Feeling moldy lately? You and the homes of students in Isla Vista have that in common! Many students have found themselves calling up their landlords, worried about the ever growing presence of mold in their cozy little homes and the potential effects it could have. Upon hearing these reports, we here at Nexustentialism decided to put in a helping hand and reach out to some local landlords ourselves.
“So you aren’t a cop? Oh. Yeah, uh, the mold is just like a pet. We have them there for students’ mental health, so they don’t get too lonely,” says one landlord, who identified himself as Jusaw Foul.
With this heartwarming news in mind, you moldier folks have nothing to worry about! In fact, rejoice! Your new mold is just like having your pets from home living with you here in Santa Barbara. After talking to a couple different landlords around I.V., even more benefits brought by having a bit of mold have been identified.
“The mold? Who are you again? Oh, yeah it’s, uh, since you kids love plants so much. It’s like another one of those succulents or something,” according to Vil Lin, a local landlord and fan of plants.
So not only is this mold a friendly presence, it also brings in a fairy garden, cottagecore theme to your home! For the girls and the gays, this is an absolute win. Having mold will help decorate and add to the vibes of the room, not hurt anyone.

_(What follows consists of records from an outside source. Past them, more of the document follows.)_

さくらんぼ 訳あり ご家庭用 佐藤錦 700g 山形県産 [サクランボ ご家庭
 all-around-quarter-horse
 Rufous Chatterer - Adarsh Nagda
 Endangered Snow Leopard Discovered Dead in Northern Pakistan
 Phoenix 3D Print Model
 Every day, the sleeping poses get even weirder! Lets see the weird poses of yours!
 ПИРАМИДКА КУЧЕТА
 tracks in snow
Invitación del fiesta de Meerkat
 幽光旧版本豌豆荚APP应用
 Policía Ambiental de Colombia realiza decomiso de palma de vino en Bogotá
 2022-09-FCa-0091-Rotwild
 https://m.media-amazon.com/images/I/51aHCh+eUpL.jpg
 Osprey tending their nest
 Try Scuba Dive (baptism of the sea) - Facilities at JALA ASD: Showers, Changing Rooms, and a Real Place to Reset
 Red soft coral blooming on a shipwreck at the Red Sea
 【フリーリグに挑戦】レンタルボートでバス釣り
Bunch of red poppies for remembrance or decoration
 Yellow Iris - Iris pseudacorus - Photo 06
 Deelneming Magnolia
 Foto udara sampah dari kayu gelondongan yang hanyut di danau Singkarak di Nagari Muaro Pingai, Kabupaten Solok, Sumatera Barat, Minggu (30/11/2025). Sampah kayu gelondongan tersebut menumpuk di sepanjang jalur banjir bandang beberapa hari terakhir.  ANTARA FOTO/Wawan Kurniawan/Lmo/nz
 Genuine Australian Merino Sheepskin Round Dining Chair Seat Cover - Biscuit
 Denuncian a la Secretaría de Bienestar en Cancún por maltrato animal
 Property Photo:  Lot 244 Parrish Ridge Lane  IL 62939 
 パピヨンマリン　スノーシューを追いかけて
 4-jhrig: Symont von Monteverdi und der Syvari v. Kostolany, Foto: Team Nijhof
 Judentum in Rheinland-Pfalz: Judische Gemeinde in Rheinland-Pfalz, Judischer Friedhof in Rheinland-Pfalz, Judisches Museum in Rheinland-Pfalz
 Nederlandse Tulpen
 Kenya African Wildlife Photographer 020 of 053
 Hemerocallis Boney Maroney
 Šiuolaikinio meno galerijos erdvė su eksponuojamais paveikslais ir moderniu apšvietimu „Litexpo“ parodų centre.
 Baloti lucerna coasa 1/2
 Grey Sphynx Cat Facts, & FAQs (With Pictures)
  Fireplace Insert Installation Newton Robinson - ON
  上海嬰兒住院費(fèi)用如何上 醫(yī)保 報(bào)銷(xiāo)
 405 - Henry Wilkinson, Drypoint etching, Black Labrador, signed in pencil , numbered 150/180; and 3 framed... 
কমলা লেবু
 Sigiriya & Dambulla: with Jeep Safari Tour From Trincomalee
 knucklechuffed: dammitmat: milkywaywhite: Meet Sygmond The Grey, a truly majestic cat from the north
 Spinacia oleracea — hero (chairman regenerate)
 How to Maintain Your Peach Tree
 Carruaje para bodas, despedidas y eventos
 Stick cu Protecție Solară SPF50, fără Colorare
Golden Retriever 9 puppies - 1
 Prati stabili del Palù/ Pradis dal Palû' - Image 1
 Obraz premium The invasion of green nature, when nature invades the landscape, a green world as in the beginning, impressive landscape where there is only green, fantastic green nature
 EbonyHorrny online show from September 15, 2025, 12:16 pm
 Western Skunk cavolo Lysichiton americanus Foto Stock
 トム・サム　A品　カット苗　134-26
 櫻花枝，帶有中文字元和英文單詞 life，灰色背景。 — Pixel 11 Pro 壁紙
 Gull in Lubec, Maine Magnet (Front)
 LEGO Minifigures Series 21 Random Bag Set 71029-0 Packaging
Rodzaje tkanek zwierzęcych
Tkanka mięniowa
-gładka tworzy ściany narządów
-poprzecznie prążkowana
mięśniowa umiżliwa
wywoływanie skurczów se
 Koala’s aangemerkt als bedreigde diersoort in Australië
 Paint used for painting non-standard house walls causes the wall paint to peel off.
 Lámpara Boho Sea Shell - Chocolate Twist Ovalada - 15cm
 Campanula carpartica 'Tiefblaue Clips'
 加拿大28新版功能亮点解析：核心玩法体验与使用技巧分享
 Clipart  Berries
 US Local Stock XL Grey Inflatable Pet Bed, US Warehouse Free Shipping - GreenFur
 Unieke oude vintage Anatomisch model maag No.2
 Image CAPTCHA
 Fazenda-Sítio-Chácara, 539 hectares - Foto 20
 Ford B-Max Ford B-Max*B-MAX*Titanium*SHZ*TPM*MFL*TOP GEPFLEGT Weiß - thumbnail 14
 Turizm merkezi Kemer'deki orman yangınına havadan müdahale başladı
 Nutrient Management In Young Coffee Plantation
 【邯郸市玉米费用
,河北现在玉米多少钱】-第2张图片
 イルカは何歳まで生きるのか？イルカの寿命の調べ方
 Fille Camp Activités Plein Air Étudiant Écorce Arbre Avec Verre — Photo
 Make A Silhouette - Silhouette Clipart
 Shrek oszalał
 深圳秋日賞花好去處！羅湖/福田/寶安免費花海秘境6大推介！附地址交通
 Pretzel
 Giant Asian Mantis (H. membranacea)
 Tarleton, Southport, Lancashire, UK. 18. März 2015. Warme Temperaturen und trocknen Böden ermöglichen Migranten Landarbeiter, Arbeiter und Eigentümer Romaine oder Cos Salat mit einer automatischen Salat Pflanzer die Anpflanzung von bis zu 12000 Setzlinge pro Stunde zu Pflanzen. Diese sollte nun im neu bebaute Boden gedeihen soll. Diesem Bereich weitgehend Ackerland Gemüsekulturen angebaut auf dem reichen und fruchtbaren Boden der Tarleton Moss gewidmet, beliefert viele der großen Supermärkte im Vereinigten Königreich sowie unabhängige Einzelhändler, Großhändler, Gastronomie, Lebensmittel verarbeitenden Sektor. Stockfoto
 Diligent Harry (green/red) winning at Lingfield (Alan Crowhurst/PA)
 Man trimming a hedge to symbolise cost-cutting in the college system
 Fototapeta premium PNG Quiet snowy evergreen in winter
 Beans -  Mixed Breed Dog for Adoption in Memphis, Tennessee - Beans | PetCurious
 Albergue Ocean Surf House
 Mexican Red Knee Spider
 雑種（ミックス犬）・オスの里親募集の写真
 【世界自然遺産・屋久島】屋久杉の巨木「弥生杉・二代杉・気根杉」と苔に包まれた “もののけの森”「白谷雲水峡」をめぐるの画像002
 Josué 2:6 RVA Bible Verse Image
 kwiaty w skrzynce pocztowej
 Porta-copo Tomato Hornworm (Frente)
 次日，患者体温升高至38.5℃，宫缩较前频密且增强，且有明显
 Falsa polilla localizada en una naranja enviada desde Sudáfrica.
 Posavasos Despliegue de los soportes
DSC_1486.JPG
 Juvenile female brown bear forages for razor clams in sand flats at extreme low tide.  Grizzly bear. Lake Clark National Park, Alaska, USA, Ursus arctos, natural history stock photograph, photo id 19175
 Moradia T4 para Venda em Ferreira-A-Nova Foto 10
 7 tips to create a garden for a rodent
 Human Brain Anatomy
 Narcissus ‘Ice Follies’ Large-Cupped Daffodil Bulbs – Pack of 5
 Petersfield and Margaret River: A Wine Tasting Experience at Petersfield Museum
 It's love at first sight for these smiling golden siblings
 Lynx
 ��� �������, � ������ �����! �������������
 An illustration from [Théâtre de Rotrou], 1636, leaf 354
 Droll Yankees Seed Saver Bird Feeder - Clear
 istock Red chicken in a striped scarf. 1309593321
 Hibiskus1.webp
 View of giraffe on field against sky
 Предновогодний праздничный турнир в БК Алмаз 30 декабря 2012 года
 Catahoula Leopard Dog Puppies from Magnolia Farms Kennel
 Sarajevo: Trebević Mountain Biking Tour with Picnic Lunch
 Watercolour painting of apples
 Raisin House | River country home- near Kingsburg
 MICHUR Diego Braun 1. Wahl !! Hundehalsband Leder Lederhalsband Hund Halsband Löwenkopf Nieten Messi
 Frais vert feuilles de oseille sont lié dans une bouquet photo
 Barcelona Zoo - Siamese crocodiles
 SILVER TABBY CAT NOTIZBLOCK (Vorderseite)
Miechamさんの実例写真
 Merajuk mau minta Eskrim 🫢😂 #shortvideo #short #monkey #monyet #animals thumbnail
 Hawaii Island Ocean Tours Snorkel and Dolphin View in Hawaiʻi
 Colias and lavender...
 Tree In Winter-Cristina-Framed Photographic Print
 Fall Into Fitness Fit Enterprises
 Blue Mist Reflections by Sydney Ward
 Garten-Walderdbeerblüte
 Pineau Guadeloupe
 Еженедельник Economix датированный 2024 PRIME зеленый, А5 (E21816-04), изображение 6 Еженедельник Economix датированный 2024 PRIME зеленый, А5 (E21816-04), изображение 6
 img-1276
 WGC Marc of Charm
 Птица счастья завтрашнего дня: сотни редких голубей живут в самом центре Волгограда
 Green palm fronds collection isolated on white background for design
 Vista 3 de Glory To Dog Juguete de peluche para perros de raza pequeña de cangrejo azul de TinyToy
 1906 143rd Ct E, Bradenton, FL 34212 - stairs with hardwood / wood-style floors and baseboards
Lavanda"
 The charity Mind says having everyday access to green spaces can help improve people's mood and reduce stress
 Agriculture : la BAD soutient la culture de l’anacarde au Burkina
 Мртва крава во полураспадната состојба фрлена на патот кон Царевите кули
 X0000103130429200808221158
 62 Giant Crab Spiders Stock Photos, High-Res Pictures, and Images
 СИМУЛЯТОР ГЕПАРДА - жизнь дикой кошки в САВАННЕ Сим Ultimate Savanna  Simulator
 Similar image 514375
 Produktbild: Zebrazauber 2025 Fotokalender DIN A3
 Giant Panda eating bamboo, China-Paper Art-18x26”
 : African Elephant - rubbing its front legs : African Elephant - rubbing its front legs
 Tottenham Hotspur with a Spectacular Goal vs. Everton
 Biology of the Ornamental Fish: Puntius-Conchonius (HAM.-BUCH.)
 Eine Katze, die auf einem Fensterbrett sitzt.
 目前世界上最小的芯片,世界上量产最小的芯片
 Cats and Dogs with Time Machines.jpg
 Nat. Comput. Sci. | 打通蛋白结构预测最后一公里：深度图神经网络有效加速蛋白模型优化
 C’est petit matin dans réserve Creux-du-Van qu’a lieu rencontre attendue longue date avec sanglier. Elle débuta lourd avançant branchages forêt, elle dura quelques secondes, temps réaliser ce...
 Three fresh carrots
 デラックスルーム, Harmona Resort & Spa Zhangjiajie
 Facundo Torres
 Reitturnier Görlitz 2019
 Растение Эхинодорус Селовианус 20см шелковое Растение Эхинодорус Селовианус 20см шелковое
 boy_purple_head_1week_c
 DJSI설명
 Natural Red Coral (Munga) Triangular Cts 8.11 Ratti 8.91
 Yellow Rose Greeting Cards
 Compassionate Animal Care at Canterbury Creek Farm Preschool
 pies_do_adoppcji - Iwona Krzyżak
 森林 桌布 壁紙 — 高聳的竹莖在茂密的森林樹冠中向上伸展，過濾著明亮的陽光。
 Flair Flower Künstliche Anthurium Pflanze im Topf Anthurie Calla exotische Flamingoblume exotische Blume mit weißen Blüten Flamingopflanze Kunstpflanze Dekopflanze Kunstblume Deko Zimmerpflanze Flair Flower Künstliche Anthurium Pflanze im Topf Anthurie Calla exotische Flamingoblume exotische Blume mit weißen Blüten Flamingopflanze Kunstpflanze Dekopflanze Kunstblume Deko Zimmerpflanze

While there have been reports of sickness in households that have mold, remember we are in a pandemic, and it couldn’t possibly be the mold since the landlords so clearly said it’s not a problem. Just calm down!
There you have it Gauchos, there is nothing to fret over. Your mold is a friend, a super cool vibe and presents absolutely no threat to your home or your health. Landlords are now encouraging tenants with mold to first of all, relax and stop bothering them, and second, name their new friend!
Fart Tent thinks landlords should get a real job instead of exploiting students.